::: RECORDS PROVIDED
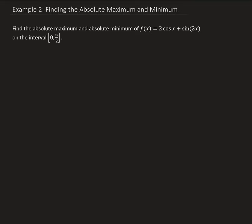In this example, we want to find the absolute maximum and absolute minimum of the function f(x) = 2cos(x) + sin(2x) on the interval from 0 to π/2.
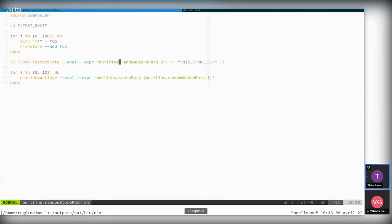We could improve the testing a bit more to make sure we're actually randomly selecting a store path by some definition of 'randomly', but that's already the first step. Let's stop here for today.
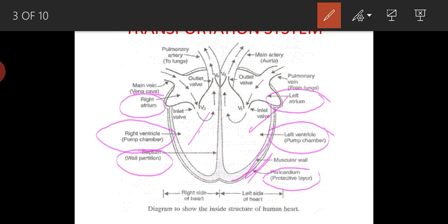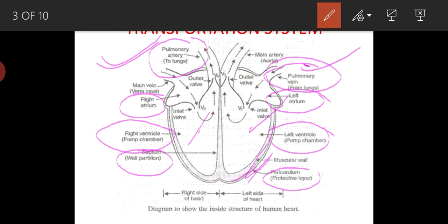Different arteries and veins bring blood to the heart. Pulmonary artery is one exceptional artery — while all other arteries carry oxygenated (pure) blood, the pulmonary artery is the only exceptional artery that carries deoxygenated (impure) blood. Similarly, veins normally carry deoxygenated blood, but the pulmonary vein is the only exceptional vein that carries oxygenated (pure) blood. The vena cava comes in two types: superior vena cava, which brings deoxygenated blood from the head and upper body, and inferior vena cava, which brings it from the lower body — both carrying it to the right side of the heart.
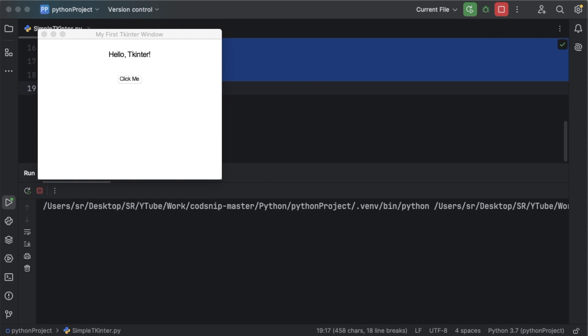Hello guys, welcome back to another short video on Python. In today's video we are going to learn how to install and use tkinter in our Python application.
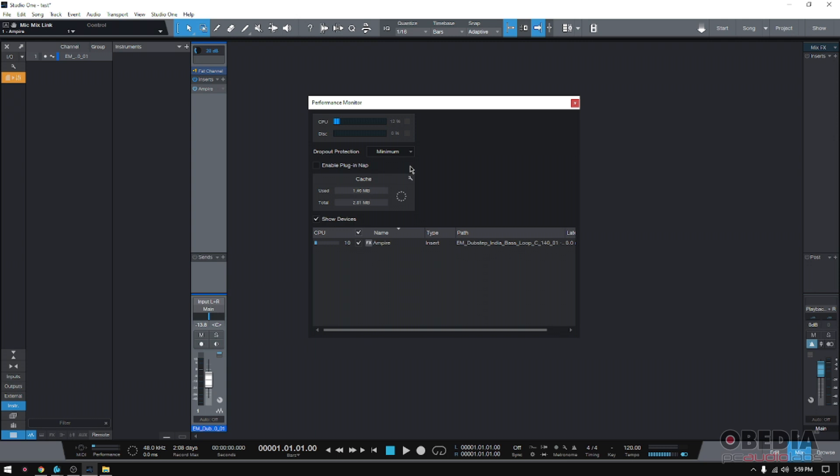So basically what the Plugin Nap does is that while there's no audio passing through, or if there's no playback, it'll basically turn off the plugin or bypass it, or make it go to a little nap. It'll sleep the plugin so that you can release those CPU resources.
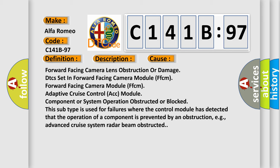Forward facing camera module FFCM, adaptive cruise control ACC module, component or system operation obstructed or blocked.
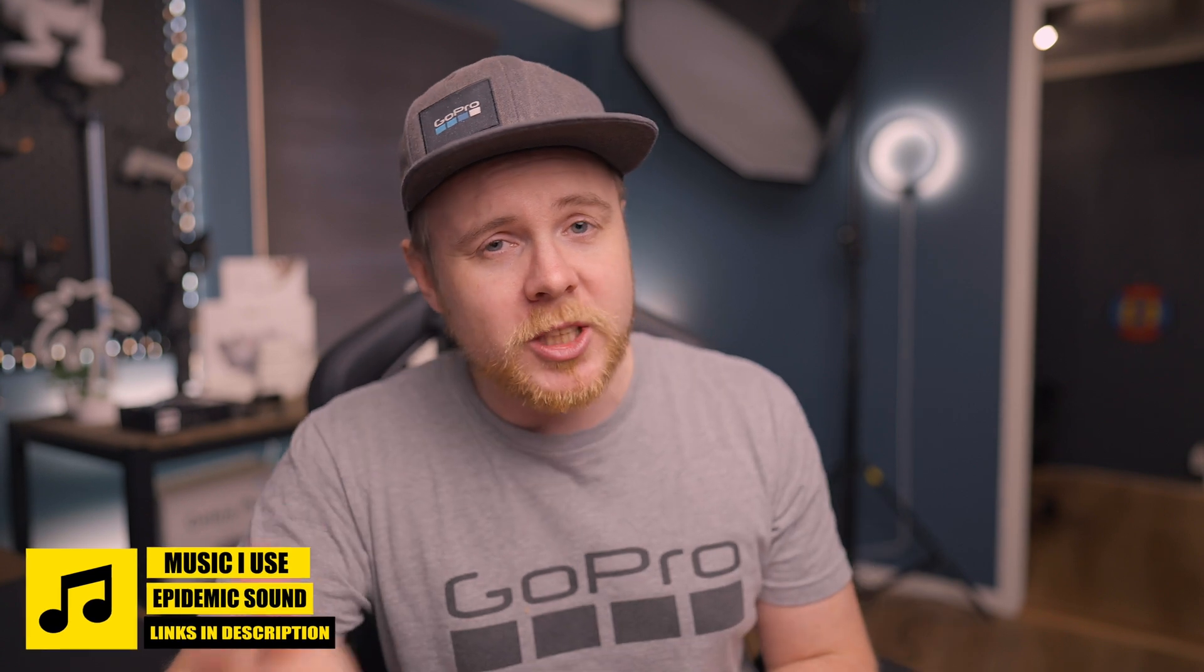That's going to be the end for today. I really hope that you enjoyed it. Make sure to hit that subscribe button if you haven't already and I will see you in the next video.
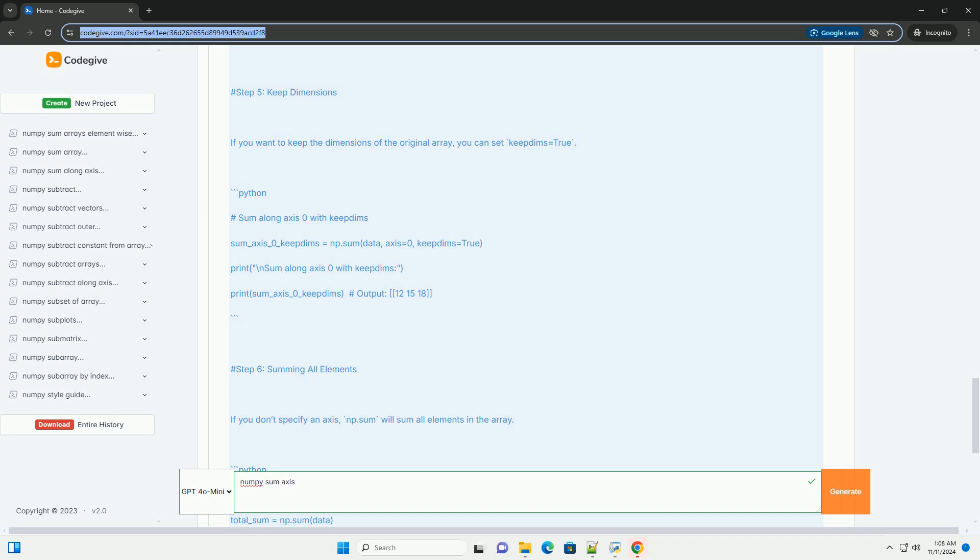Step 5: keep dimensions. If you want to keep the dimensions of the original array, you can set keepdims equals true.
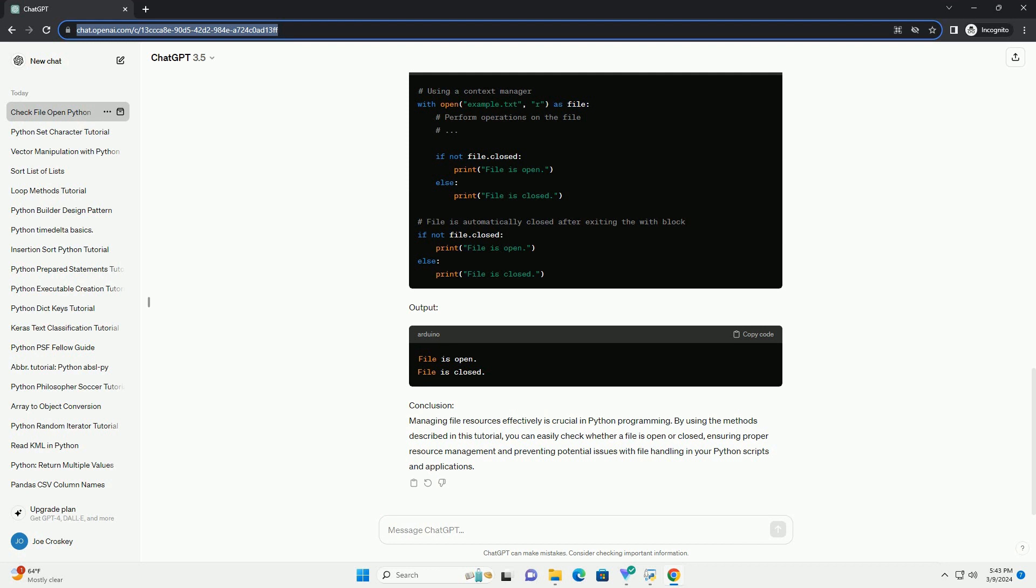Output. Method 2: using try-except block. Another approach is to use a try-except block to handle exceptions that occur when trying to perform operations on a closed file.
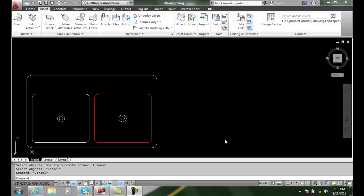Changing block properties to bylayer. If we're just editing normal blocks, we can erase or copy or rotate those things.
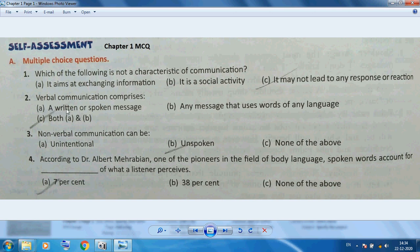Verbal communication comprises written or spoken messages — any message that uses words. In non-verbal communication, messages can be unspoken, without speech. According to Dr. Albert Mehrabian, a pioneer in the field of body language, spoken words account for only 7% of what a listener perceives.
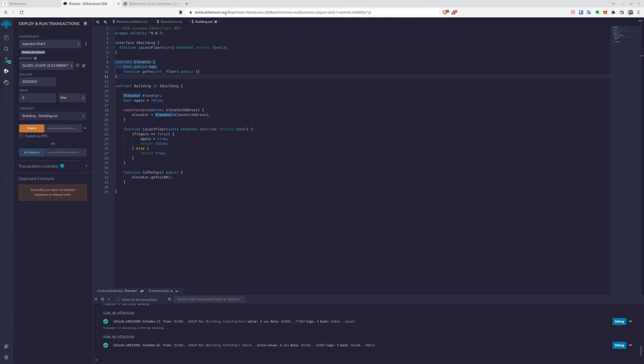Okay, now we are in the remix implementation of our contract, which is called building, and it inherits from the interface building, in which we have the function is last floor. So it's the function we'll be using to get shenanigans. So let's look at the functions in our contract.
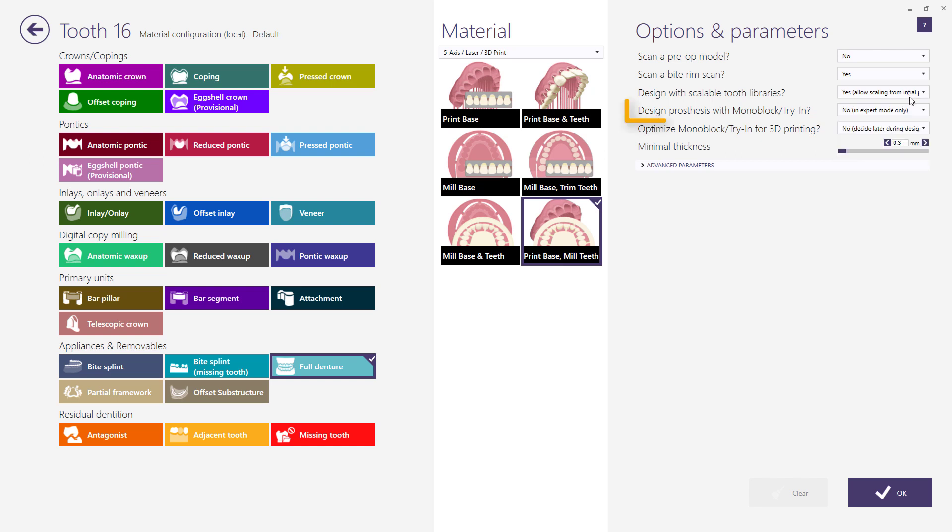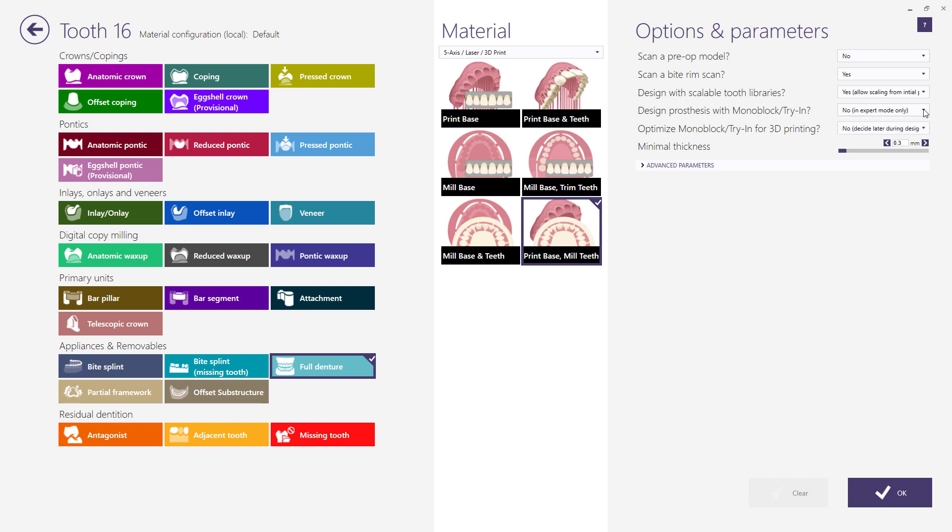Design a prosthesis with monoblock for try-in. Note, monoblock can only be created for open and semi-closed libraries.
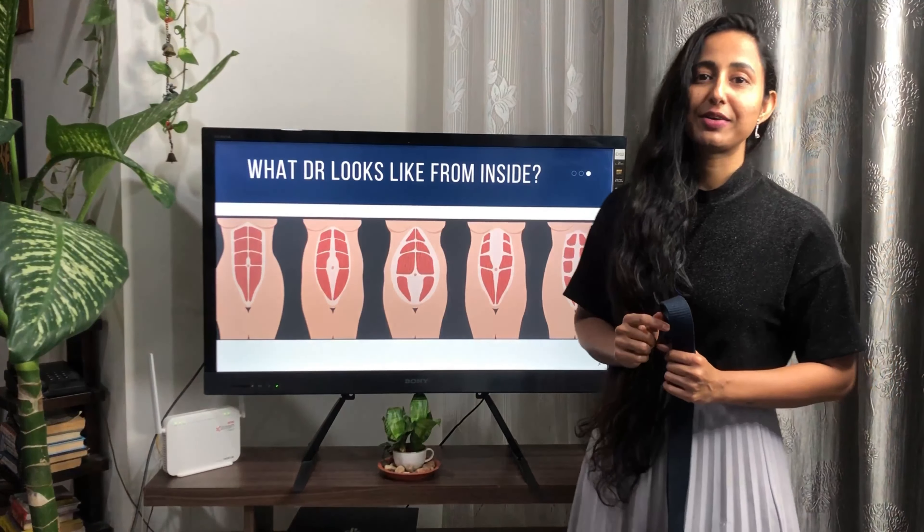So what does DR look like from inside? At the surface of it, DR from inside looks something like this. The rectus abdominis muscle — the muscle we usually call the six or eight pack muscle — has connective tissue which joins these muscle fibers together. This connective tissue runs both horizontally and vertically.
::::::
:: TASK DESCRIPTION ::
Could you please write out exactly the lines from the start of the entries above through the line that holds "Different arteries and", both included, with no pictures?

:: SOLVED EXERCISE ::
In this example, we want to find the absolute maximum and absolute minimum of the function f(x) = 2cos(x) + sin(2x) on the interval from 0 to π/2.
We could improve the testing a bit more to make sure we're actually randomly selecting a store path by some definition of 'randomly', but that's already the first step. Let's stop here for today.
Different arteries and veins bring blood to the heart. Pulmonary artery is one exceptional artery — while all other arteries carry oxygenated (pure) blood, the pulmonary artery is the only exceptional artery that carries deoxygenated (impure) blood. Similarly, veins normally carry deoxygenated blood, but the pulmonary vein is the only exceptional vein that carries oxygenated (pure) blood. The vena cava comes in two types: superior vena cava, which brings deoxygenated blood from the head and upper body, and inferior vena cava, which brings it from the lower body — both carrying it to the right side of the heart.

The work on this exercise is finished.